DATA TO USE »
#####
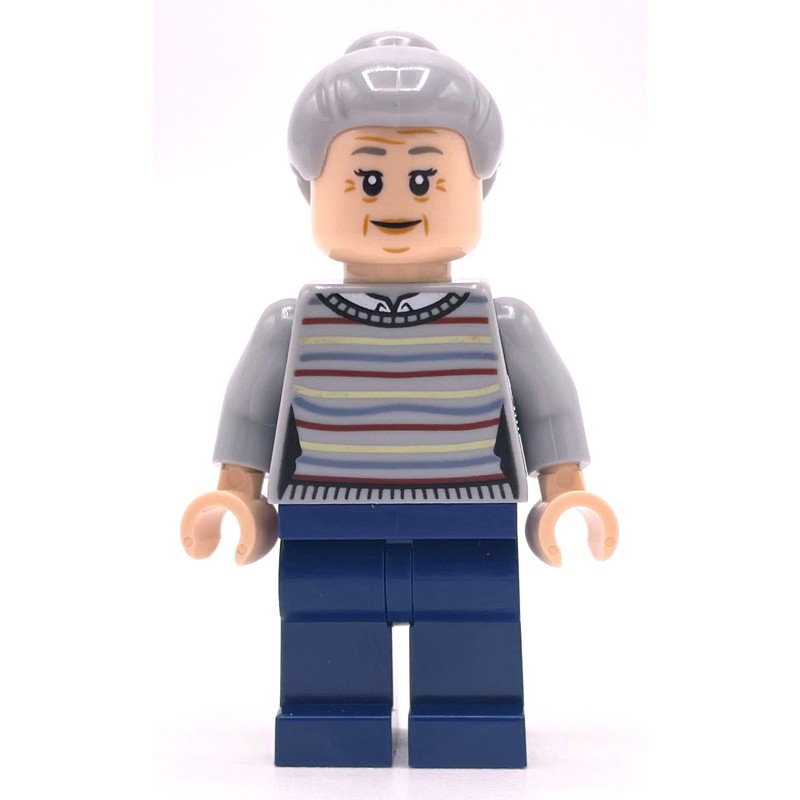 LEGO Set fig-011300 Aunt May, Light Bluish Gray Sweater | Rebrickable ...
#####
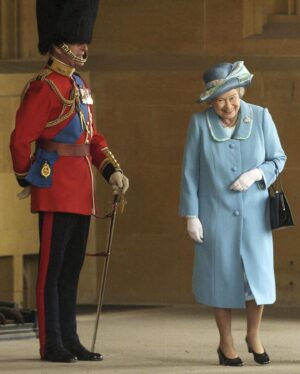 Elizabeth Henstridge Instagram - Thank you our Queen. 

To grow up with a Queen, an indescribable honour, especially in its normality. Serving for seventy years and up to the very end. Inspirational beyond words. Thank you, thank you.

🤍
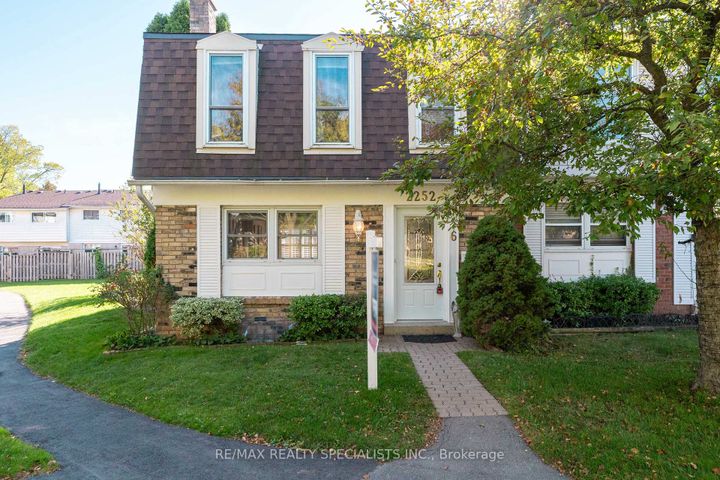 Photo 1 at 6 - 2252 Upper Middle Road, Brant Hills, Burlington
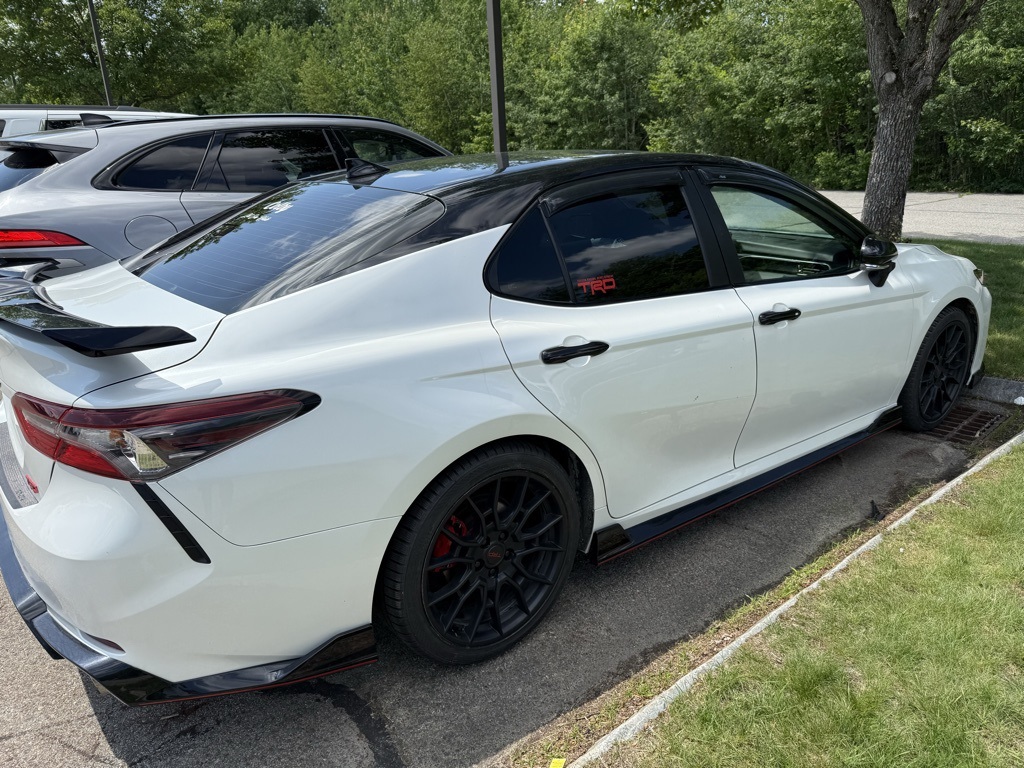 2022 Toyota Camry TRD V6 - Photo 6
#####
EXERCISE DETAILS » From the records above, give again only the part that opens with the line containing "To grow up with" and closes with the line containing "2022 Toyota Camry TRD V6 - Photo 6". Keep both ends but drop the pictures.

EXERCISE RESULT »
To grow up with a Queen, an indescribable honour, especially in its normality. Serving for seventy years and up to the very end. Inspirational beyond words. Thank you, thank you.

🤍
 Photo 1 at 6 - 2252 Upper Middle Road, Brant Hills, Burlington
 2022 Toyota Camry TRD V6 - Photo 6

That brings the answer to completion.